Bieszczady to region, który kocham za swoją tajemniczość i dzikość. To miejsce, które wydaje się odpychać współczesny świat i zachowuje swoją niezależność. Człowiek musi świadomie zdecydować, czy chce spędzić tam czas, gdyż Bieszczady nie zapraszają. One co najwyżej tolerują obecność, stawiając jednocześnie granice, których instynktownie wiemy, że nie wolno przekraczać. To dokładnie tak, jak to opisał Przemysław Piotrowski.

Komisarz Brudny, po ostatniej akcji, postanawia odnaleźć spokój i schronienie w miejscu, które pozwoli mu odzyskać równowagę psychiczną. Tutaj pojawia się jednak moment, który mnie irytuje — nie znając poprzednich części, brakuje mi kontekstu wydarzeń, które dotknęły samego Igora.
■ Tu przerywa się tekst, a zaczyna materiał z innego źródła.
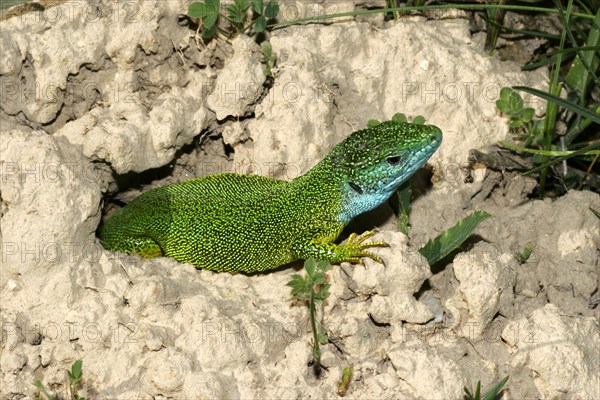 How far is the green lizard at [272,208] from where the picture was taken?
4.95 meters

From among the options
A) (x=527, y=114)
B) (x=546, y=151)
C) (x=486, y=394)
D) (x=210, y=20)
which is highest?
(x=210, y=20)

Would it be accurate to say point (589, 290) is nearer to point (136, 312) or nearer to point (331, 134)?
point (331, 134)

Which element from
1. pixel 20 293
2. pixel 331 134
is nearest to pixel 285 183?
pixel 331 134

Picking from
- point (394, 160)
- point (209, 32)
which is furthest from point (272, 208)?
point (209, 32)

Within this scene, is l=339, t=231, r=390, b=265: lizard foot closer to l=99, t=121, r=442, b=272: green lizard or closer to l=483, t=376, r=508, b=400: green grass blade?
l=99, t=121, r=442, b=272: green lizard

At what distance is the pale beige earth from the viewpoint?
14.5 feet

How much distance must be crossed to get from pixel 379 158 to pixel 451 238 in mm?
683

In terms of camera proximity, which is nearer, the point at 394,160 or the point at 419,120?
the point at 394,160

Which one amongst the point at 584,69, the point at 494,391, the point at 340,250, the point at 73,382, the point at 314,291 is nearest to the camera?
the point at 73,382

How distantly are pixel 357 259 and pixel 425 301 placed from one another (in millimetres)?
530

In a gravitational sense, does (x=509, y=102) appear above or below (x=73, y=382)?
above

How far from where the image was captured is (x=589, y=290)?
16.4ft

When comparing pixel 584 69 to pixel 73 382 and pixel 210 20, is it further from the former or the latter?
pixel 73 382

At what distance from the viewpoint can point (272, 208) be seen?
5.08 m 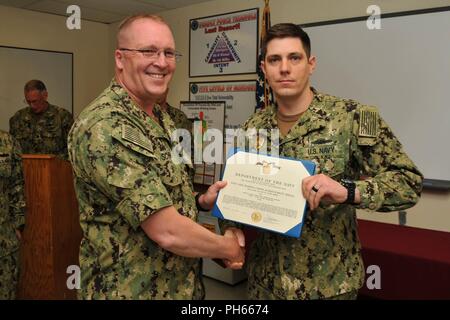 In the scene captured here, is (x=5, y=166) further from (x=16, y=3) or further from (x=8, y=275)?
(x=16, y=3)

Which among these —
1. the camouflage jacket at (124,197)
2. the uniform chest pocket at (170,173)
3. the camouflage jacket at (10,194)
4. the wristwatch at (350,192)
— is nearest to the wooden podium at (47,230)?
the camouflage jacket at (10,194)

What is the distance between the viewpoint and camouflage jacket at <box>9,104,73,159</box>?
4.09 metres

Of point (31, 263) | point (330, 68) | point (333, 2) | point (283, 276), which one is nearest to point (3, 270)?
point (31, 263)

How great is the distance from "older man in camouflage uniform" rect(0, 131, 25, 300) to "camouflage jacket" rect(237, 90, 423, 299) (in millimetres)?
1477

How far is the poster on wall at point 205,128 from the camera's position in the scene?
3967 mm

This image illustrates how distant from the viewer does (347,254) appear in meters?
1.45

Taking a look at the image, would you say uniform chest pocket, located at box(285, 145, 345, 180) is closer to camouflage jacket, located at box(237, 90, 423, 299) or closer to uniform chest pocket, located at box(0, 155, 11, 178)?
camouflage jacket, located at box(237, 90, 423, 299)

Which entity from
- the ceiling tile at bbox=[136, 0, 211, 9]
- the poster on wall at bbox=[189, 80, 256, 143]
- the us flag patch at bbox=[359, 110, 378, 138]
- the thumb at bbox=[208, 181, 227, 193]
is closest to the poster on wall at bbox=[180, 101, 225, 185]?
the poster on wall at bbox=[189, 80, 256, 143]

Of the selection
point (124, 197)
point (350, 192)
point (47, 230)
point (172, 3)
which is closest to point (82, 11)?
point (172, 3)

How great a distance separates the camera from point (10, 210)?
227cm

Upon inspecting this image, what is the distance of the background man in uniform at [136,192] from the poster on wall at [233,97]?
2.41 meters

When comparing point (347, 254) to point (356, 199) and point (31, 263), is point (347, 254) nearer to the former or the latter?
point (356, 199)

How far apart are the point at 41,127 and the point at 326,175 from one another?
3.52 m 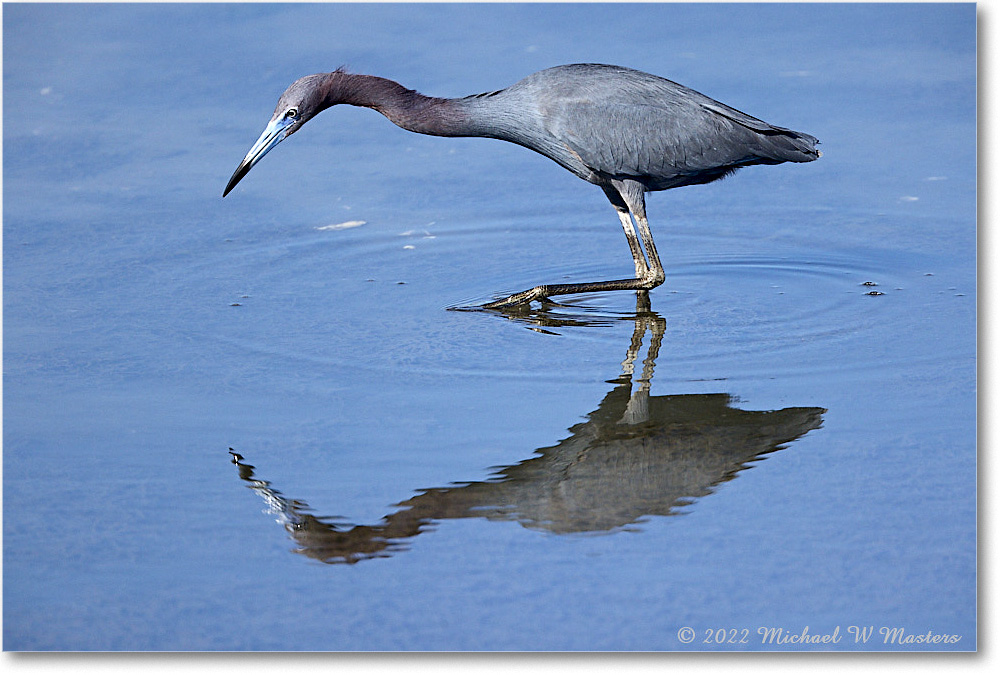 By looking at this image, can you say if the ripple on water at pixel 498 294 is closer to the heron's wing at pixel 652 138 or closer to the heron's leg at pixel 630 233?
the heron's leg at pixel 630 233

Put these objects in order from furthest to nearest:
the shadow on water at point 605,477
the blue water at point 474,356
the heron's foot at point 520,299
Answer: the heron's foot at point 520,299 → the shadow on water at point 605,477 → the blue water at point 474,356

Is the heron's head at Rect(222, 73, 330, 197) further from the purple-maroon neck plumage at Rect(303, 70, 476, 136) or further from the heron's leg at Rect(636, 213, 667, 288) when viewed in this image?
the heron's leg at Rect(636, 213, 667, 288)

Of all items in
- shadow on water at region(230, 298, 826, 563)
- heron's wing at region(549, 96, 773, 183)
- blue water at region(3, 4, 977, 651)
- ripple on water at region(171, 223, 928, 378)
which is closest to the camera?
blue water at region(3, 4, 977, 651)

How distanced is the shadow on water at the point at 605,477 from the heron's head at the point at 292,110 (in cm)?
217

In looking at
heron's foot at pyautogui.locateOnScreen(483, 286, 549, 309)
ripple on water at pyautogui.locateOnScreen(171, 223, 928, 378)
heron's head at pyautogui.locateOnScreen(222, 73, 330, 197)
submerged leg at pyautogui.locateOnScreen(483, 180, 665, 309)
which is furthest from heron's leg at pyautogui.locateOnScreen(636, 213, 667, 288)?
heron's head at pyautogui.locateOnScreen(222, 73, 330, 197)

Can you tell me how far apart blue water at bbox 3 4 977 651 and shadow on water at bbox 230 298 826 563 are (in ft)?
0.06

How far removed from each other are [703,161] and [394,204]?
2.18 meters

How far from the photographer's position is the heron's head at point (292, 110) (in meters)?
6.82

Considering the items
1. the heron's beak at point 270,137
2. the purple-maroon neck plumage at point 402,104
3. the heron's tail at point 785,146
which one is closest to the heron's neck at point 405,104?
the purple-maroon neck plumage at point 402,104

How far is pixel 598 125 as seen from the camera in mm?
6922

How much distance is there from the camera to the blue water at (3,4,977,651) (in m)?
4.19

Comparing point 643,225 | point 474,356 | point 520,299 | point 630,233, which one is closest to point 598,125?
point 643,225

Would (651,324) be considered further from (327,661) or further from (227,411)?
(327,661)

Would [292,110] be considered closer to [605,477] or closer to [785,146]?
[785,146] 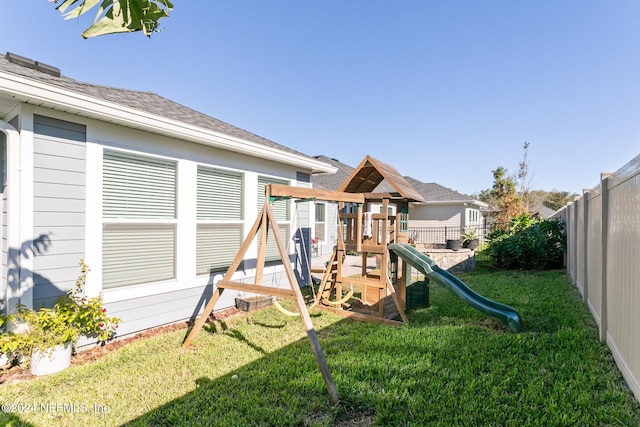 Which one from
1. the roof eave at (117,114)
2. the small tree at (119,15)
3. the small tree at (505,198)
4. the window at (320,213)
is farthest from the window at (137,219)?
the small tree at (505,198)

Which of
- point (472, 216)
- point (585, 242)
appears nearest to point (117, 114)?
point (585, 242)

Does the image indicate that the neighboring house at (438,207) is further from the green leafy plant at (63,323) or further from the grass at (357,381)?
the green leafy plant at (63,323)

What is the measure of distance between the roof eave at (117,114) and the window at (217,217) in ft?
1.71

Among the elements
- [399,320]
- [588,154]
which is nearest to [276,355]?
[399,320]

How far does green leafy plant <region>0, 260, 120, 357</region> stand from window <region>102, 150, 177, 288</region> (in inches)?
14.2

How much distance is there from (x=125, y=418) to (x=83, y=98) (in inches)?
131

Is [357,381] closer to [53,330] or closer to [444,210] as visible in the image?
[53,330]

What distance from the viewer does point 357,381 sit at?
297 cm

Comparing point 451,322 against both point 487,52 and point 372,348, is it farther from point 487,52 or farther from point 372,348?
point 487,52

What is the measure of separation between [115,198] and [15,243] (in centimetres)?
109

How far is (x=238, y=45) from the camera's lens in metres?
9.47

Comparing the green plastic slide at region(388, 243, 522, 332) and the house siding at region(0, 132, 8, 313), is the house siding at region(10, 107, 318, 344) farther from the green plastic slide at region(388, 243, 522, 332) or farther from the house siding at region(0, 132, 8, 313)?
the green plastic slide at region(388, 243, 522, 332)

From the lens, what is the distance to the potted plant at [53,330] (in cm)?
323

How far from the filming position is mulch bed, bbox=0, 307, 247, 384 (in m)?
3.27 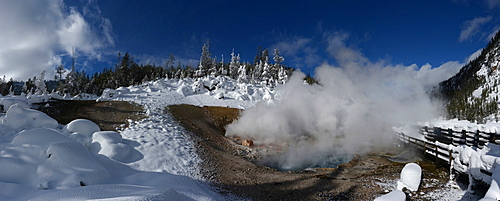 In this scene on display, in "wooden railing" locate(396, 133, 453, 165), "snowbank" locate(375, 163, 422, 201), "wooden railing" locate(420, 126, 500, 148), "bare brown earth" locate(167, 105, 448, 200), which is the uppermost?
"wooden railing" locate(420, 126, 500, 148)

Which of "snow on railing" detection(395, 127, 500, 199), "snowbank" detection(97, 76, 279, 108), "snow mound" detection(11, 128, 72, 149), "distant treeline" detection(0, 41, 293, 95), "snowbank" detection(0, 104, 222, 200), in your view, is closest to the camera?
"snowbank" detection(0, 104, 222, 200)

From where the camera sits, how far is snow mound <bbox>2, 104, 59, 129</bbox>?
10.4 metres

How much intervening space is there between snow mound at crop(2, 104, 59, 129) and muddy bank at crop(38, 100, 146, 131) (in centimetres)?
308

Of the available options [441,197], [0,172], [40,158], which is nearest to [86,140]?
[40,158]

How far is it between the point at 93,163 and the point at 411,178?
11.5m

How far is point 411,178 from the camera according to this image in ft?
26.2

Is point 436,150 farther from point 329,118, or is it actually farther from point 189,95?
point 189,95

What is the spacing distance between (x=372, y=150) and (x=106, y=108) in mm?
23093

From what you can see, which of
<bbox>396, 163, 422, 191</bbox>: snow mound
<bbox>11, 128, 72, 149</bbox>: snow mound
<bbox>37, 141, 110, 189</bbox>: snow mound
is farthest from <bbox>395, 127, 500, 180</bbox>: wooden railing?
<bbox>11, 128, 72, 149</bbox>: snow mound

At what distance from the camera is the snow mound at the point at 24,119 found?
34.0 feet

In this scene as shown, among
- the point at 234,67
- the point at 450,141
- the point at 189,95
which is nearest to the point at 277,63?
the point at 234,67

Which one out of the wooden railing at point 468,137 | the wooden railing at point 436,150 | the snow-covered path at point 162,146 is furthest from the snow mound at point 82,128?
the wooden railing at point 468,137

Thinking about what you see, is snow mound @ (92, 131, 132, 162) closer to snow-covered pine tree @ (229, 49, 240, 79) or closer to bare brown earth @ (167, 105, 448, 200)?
bare brown earth @ (167, 105, 448, 200)

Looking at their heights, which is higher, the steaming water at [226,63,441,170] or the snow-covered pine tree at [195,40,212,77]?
the snow-covered pine tree at [195,40,212,77] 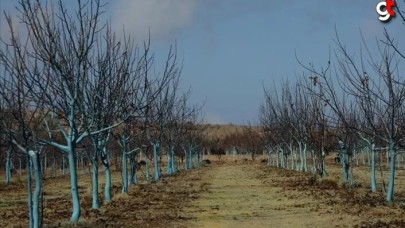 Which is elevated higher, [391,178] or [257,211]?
[391,178]

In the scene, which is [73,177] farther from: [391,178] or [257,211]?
[391,178]

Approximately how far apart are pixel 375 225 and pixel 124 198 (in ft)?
27.5

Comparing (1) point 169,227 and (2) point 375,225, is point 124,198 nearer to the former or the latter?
(1) point 169,227

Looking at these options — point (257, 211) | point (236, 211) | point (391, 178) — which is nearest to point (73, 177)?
point (236, 211)

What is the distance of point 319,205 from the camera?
1480cm

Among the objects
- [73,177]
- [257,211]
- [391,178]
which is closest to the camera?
[73,177]

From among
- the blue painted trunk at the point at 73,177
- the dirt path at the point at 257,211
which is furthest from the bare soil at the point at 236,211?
Result: the blue painted trunk at the point at 73,177

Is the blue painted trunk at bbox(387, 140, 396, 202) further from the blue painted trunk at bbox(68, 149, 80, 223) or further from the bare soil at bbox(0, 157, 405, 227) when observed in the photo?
the blue painted trunk at bbox(68, 149, 80, 223)

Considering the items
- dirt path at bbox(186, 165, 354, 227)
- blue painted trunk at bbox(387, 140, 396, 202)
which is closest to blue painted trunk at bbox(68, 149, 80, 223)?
dirt path at bbox(186, 165, 354, 227)

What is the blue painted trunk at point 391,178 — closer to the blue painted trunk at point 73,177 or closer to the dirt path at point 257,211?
the dirt path at point 257,211

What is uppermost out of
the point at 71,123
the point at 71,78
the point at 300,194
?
the point at 71,78

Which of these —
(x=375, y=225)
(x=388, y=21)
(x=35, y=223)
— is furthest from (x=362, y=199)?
(x=35, y=223)

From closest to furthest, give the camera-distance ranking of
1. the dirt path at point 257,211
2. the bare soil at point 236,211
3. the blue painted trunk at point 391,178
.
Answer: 1. the bare soil at point 236,211
2. the dirt path at point 257,211
3. the blue painted trunk at point 391,178

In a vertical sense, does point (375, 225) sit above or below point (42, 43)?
below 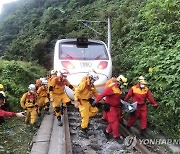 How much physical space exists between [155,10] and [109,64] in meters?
5.96

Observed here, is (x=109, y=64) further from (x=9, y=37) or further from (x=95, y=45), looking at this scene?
(x=9, y=37)

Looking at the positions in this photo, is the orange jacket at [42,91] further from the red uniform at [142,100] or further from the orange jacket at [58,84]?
the red uniform at [142,100]

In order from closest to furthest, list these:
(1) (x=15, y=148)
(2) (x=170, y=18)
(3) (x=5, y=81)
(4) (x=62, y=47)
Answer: (1) (x=15, y=148), (4) (x=62, y=47), (3) (x=5, y=81), (2) (x=170, y=18)

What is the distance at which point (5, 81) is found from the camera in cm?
1288

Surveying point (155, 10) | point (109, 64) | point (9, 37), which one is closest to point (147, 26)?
point (155, 10)

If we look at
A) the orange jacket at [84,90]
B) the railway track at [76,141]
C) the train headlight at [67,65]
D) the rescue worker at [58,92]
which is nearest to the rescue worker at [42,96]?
the train headlight at [67,65]

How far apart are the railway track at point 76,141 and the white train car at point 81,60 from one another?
3.92 feet

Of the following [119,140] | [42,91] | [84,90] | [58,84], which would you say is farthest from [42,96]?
[119,140]

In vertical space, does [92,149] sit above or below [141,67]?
below

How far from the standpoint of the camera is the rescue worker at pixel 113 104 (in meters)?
7.63

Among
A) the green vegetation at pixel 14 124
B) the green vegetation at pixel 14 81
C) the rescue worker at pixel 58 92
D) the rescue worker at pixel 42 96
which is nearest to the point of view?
the green vegetation at pixel 14 124

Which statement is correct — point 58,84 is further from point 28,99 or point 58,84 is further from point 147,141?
point 147,141

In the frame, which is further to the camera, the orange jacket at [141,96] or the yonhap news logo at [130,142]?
the orange jacket at [141,96]

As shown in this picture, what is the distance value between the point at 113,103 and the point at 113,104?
3cm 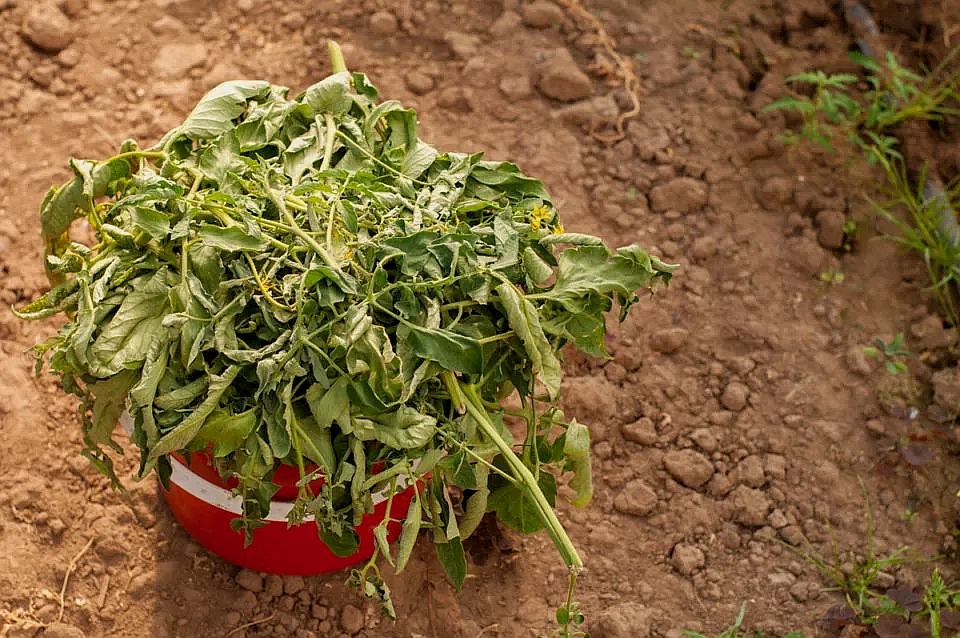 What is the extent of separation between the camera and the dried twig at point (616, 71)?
10.5 ft

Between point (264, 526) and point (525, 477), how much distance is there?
57 cm

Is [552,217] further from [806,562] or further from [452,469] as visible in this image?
[806,562]

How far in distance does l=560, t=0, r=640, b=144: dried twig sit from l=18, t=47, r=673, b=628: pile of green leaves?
48.5 inches

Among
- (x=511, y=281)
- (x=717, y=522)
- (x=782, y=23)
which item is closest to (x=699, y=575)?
(x=717, y=522)

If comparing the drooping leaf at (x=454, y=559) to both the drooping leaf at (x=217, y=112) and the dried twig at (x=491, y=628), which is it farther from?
the drooping leaf at (x=217, y=112)

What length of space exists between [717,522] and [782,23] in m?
1.88

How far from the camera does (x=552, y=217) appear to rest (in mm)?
1998

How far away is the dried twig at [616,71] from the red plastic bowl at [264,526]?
4.86 feet

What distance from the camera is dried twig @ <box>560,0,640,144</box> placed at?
3.21m

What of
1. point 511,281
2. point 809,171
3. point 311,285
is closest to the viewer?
point 311,285

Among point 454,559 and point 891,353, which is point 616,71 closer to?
point 891,353

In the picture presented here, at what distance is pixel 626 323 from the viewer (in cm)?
291

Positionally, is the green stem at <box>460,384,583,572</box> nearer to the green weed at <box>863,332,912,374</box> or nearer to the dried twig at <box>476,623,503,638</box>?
the dried twig at <box>476,623,503,638</box>

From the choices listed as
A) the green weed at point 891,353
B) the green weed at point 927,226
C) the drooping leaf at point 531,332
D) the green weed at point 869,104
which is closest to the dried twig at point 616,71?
the green weed at point 869,104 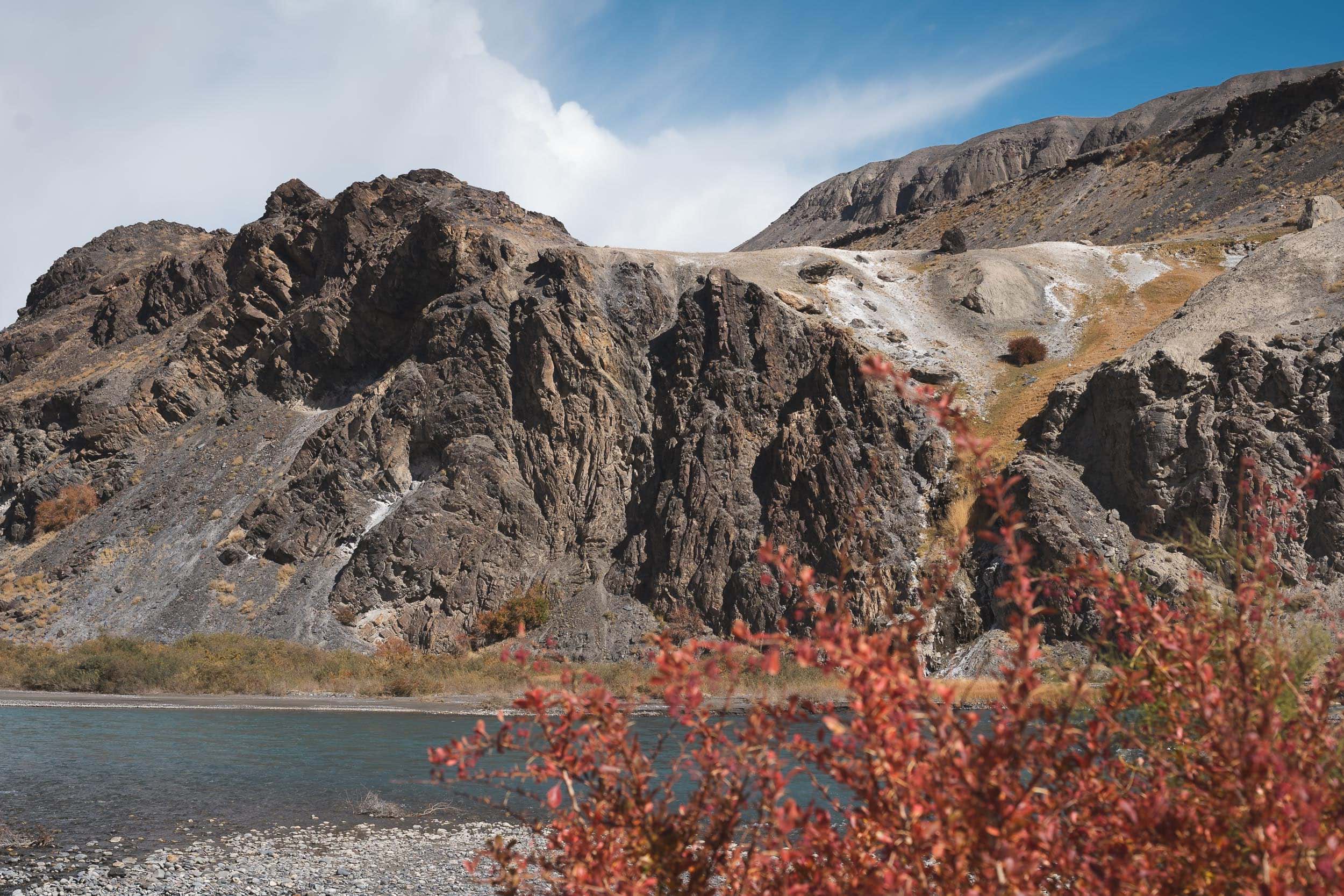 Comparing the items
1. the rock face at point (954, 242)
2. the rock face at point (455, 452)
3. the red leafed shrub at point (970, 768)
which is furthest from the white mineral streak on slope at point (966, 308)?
the red leafed shrub at point (970, 768)

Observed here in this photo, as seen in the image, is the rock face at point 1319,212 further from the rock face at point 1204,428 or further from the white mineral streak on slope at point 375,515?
the white mineral streak on slope at point 375,515

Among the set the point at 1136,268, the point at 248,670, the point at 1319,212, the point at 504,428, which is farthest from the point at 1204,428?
the point at 248,670

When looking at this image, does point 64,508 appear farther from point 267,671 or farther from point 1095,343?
point 1095,343

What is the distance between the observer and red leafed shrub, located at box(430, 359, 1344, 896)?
2.42m

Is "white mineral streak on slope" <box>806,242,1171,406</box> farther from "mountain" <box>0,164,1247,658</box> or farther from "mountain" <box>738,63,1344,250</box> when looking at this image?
"mountain" <box>738,63,1344,250</box>

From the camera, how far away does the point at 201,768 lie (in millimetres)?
16969

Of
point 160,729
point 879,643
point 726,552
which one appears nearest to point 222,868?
point 879,643

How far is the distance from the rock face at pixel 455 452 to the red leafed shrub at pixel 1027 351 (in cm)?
968

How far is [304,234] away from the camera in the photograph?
191 feet

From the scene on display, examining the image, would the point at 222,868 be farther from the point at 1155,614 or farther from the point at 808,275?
the point at 808,275

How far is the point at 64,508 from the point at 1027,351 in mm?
50011

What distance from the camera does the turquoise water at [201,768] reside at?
519 inches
To mój błąd, którego mam nadzieję szybko naprawić.

Zaszywszy się w starym domku babci znajomej policjantki, komisarz Brudny ma za sąsiada mrukliwego i absolutnie nietowarzyskiego smolarza. To właśnie ten tajemniczy sąsiad zostaje oskarżony o morderstwo dwóch studentek, z którymi Igor miał wcześniej kontakt. Słuchając swojego detektywistycznego instynktu i polegając na wieloletnim doświadczeniu, komisarz zaczyna interesować się tą sprawą. Rozwijająca się intryga idealnie wpisuje się w powiedzenie "im dalej w las, tym ciemniej", a dziki, mglisty rejon zielonych wzgórz tylko potęguje tę atmosferę.

Gdy na jaw wychodzą długo strzeżone tajemnice, prawda o morderstwie okazuje się szokująca. Autor nie oszczędza czytelnika, przedstawiając realistycznie i bezlitośnie brutalność oraz niepokojącą dewiację niektórych środowisk. Fabuła obejmuje również czasy wojenne, a przecież rejony bieszczadzkie były dodatkowo atakowane przez bandy UPA, których brutalność przekraczała wszelkie granice.

Dobrze, że bohaterowie są tak różnorodni, a już szczególnie cieszy mnie to, że główny bohater, mimo że stoi po stronie prawa, nie jest idealny. Ma swoje za uszami, zapewne wiele przeżył (i tu znów irytacja, bo nie znam poprzednich części!), a na przestrzeganiu prawa zależy mu tylko na tyle, by samemu nie wylądować za kratkami.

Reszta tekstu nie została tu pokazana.